Exercise details: Once you have counted the lines below that contain "Leather", give that number and nothing else.

Records provided:
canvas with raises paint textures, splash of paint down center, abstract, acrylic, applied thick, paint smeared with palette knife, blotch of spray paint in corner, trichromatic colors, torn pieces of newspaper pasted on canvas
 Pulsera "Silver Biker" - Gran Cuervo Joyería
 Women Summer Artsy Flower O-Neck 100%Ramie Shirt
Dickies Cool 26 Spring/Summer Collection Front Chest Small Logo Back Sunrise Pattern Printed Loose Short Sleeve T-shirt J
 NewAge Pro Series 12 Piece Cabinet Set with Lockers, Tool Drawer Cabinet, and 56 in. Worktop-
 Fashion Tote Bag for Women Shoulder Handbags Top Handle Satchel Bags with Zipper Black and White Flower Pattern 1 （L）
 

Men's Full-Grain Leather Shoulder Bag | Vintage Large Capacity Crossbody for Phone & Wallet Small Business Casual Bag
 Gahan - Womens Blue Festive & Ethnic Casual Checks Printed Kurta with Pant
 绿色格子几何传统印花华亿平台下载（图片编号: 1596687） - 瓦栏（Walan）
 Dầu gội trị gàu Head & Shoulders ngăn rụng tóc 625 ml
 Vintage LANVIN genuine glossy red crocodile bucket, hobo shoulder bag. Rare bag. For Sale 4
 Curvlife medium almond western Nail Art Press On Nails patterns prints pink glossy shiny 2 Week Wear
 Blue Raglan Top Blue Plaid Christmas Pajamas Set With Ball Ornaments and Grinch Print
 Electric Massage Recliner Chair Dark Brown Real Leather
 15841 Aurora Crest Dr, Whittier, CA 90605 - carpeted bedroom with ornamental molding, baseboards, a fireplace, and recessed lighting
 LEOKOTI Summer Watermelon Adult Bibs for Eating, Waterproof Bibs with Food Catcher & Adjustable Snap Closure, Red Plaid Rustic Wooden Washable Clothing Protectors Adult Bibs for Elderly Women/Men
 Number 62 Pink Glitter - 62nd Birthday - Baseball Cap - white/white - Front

Solution for this exercise: 2